Sowmini,
I've tracked down the latest NCE-related issue. I'm not sure if this is
related to our proposed fix to the earlier problem, or something more
fundamental. However, it seems like this is off-the-rails in Nevada too.
To see the problem, suppose we've established an NCE to a destination but
the NCE has expired. In that case, when we next create an IRE that uses
the NCE, we will go through ire_create() -> ... -> ire_nce_init() ->
nce_reinit() -> ndp_add_v4(). The nce_reinit() function will pass a NULL
res_mp to ndp_add_v4(), which will then proceed to use ill_resolver_mp:
/*
* This one holds link layer address; if res_mp has been provided
* by the caller, accept it without any further checks.
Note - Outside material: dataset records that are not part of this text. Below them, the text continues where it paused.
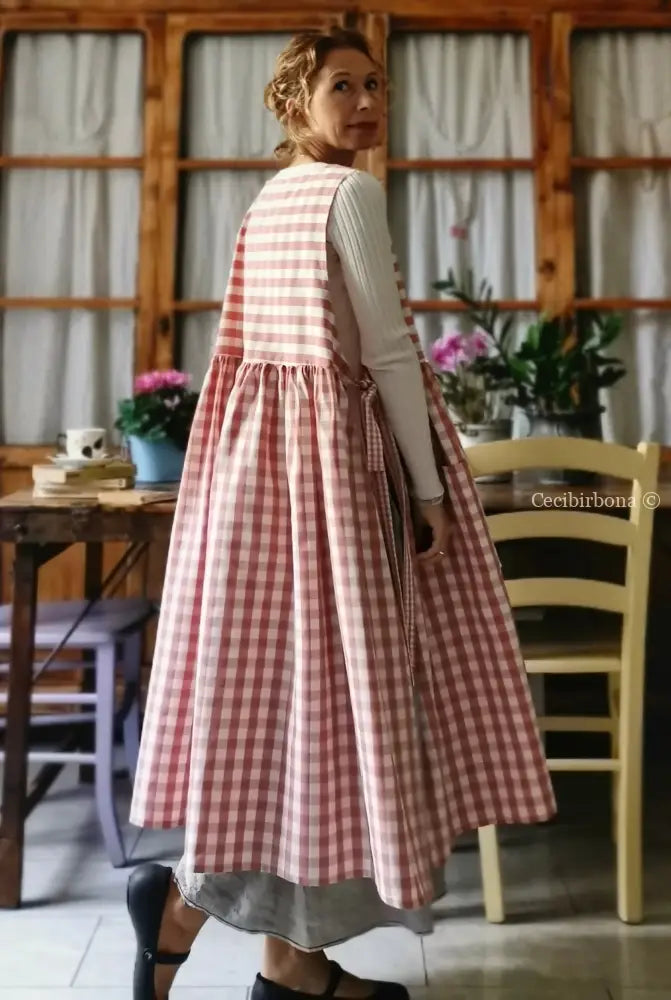 Grembiule da cucina in cotone a quadri rosa (Ref. 50) grembiule donna tessuti moderni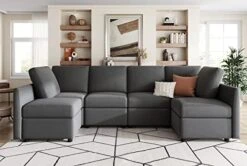 LINSY HOME Modular Sectional Sofa, Convertible U Shaped Sofa Couch With Storage, Memory Foam, Modular Sectionals With Ottomans, 6 Seat Sofa Set With Chaise For Living Room, Grey -Safavieh Furnitue Shop 41Kc4fXZMZL. AC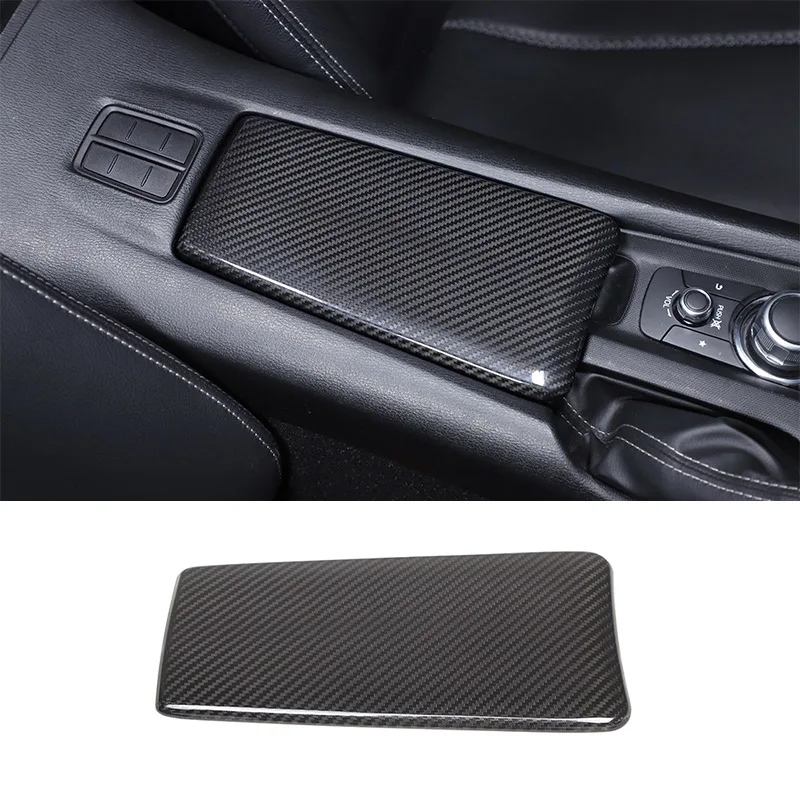 Real Carbon Fiber For Mazda MX-5 2016-2023 Car Center Control Armrest Box Storage Box Protective Cover Decoration Accessories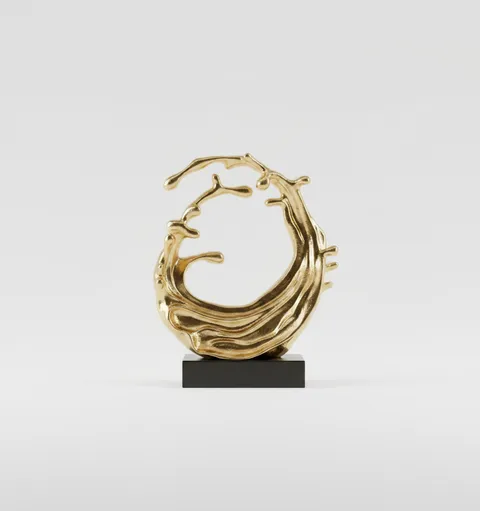 Golden Splash Abstract Sculpture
Otherwise,
* for V4, we fill it up with ill_resolver_mp here, then in
* in ire_arpresolve(), we fill it up with the ARP query
* once its formulated.
*/
if (res_mp != NULL) {
template = res_mp;
} else {
if (ill->ill_resolver_mp == NULL) {
freeb(mp);
return (EINVAL);
}
--> template = copyb(ill->ill_resolver_mp);
}
...
--> nce->nce_res_mp = template;
However, here, ill_resolver_mp is not a DL_UNITDATA_REQ, but an areq_t,
because of this code in ill_dl_up():
areq_mp = ill_arp_alloc(ill,
(uchar_t *)&ip_areq_template, 0);
if (areq_mp == NULL) {
return (ENOMEM);
}
freemsg(ill->ill_resolver_mp);
--> ill->ill_resolver_mp = areq_mp;
As per the proposed fix, in ip_newroute() we will set nce_state to
ND_REACHABLE and call nce_fastpath() -> ill_fastpath_probe(), but
ill_fastpath_probe() expects a dl_unitdata_req_t in nce_res_mp, not an
areq_t. The result is that we send a completely bogus DL_IOC_HDR_INFO
message down to the driver, which means it returns EINVAL and and
nce_fp_mp remains NULL. Also, nce_res_mp continues to point to an areq_t
rather than a dl_unitdata_req_t -- but ip_wput_ire() doesn't know this, so
it happily sends bogus "DL_UNITDATA_REQ" messages to the driver, (with
dl_primitive set to 0x4103 aka AR_ENTRY_QUERY), causing the driver to send
up a DL_ERROR_ACK each time IP attempts to send a packet.
Thoughts?
--
meem